Take, for example, the poem that Simeon sings when the infant Christ is presented in the temple in Luke 2:28-32:
“Lord, now you are letting your servant depart in peace,
according to your word;
for my eyes have seen your salvation
that you have prepared in the presence of all peoples,
a light for revelation to the Gentiles,
and for glory to your people Israel.”
Filled with the Holy Spirit, Simeon paints a wonderful picture that points not only toward his own relationship with God but also prophesies the full meaning of Christ’s incarnation for all peoples. Where others might see merely a little baby, Simeon sees “salvation,” “a light for revelation . . . and for glory.” The impact of Simeon’s epiphany – for himself and for the world – cannot be properly communicated in prose; it needs a higher form of language.
The sheer number of poems in the Bible should clue us into its extraordinary power as a conveyer of truth about our Father and our Savior.

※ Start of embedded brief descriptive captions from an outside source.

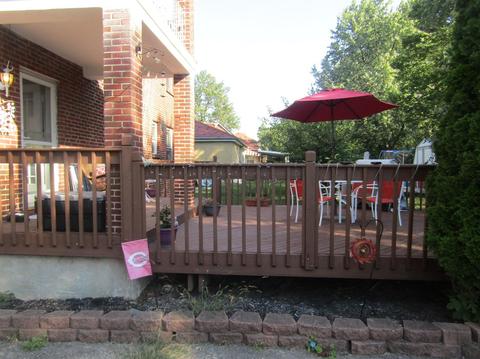 1092 Covedale Ave, Cincinnati, OH 45238 photo 4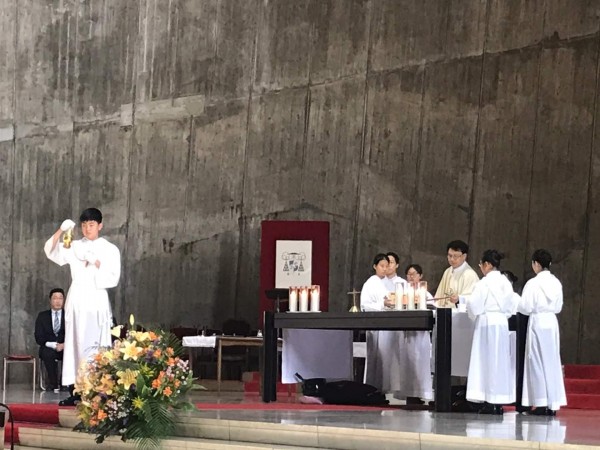 35f47f04a959791ad37135d9940629ad_1577883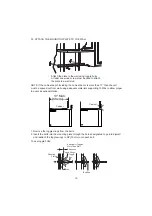 Предварительный просмотр 19 страницы Midea TM05K6BW-P Instruction Manual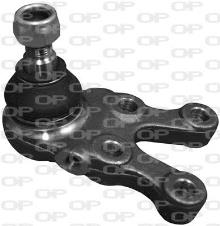 OPEN PARTS SSB1073.10
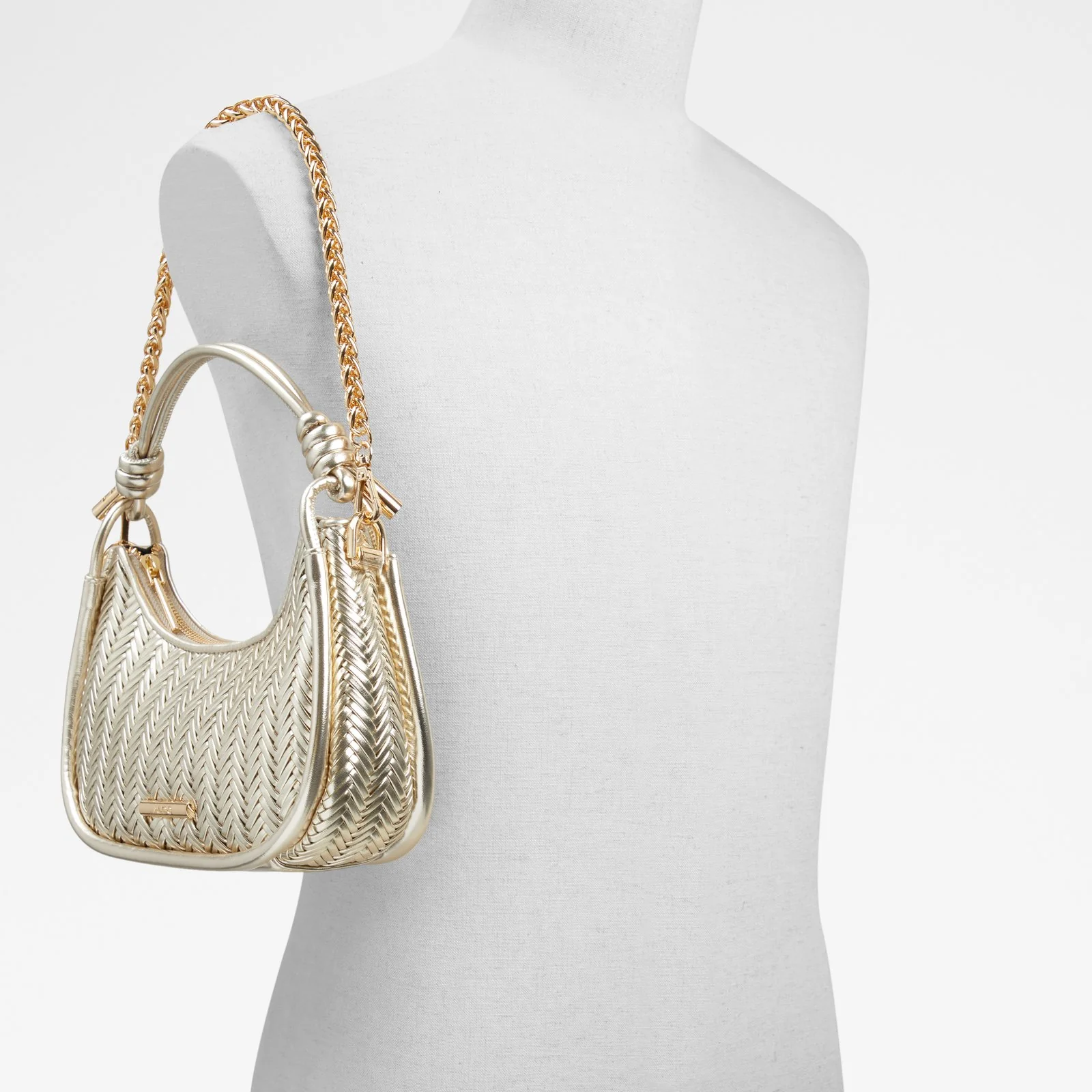 Malvina - Image 6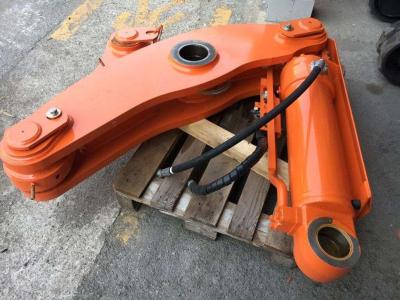 Culbuteurs pour Hitachi ZW250 en vente par Massucco T. Srl Area Ricambi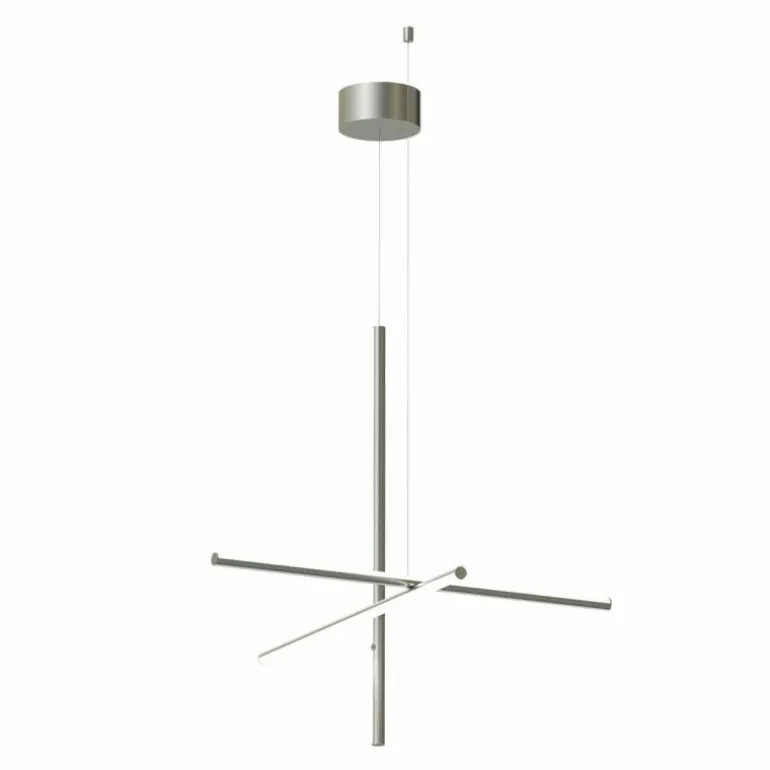 Coordinates Hanglamp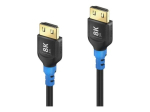 PureLink 3m HDMI kuni HDMI kaabel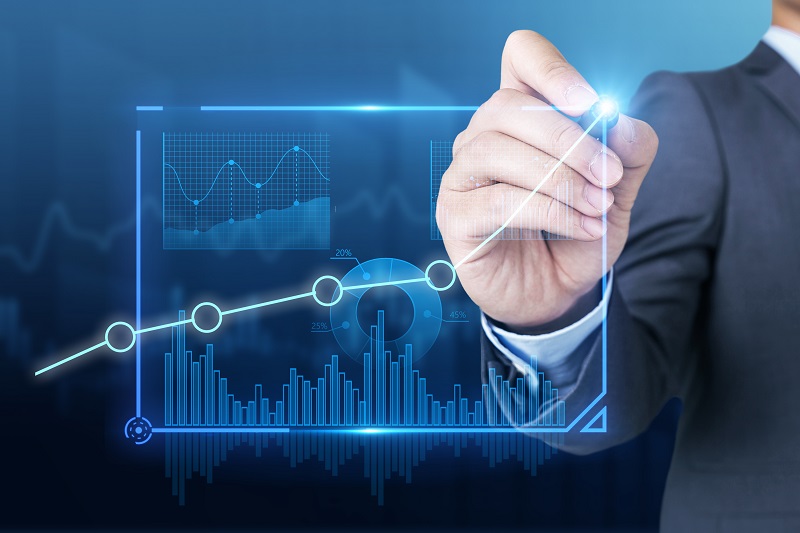 2026年企业舆情工作预案 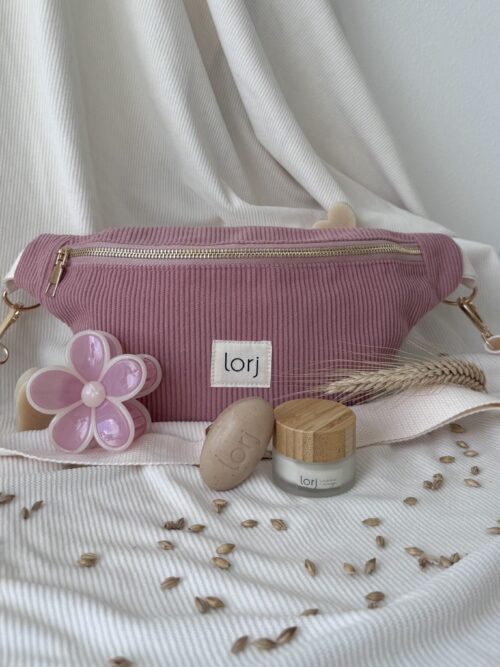 <b>LE COFFRET FÊTE DES MÈRES</b> - Cultiver l'art de lui faire plaisir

Believers have continued for hundreds of years to use poetry and song to respond to their Lord, in short lyrics such as the medieval “Ye That Passen by the Way,” where the crucified Christ asks the passersby to look at “a spear all thru my side / To mine heart is made a wound,” to the epic Paradise Lost. Short or long, these poems were widely read by the Christians of their day.
Our problem today is that readers often have difficulty navigating poems without a GPS, or Great Poetry System, leaving them lost in some seemingly weird worlds. Fearful of poetry, they simply veer away from it, but, in so doing, they miss out on so many truly beautiful expressions of faith and gratitude. Believe it or not, poetry follows the same grammar rules that regulate prose; with time and patience, readers can experience for themselves what the poets so generously share with them when they suddenly burst into song.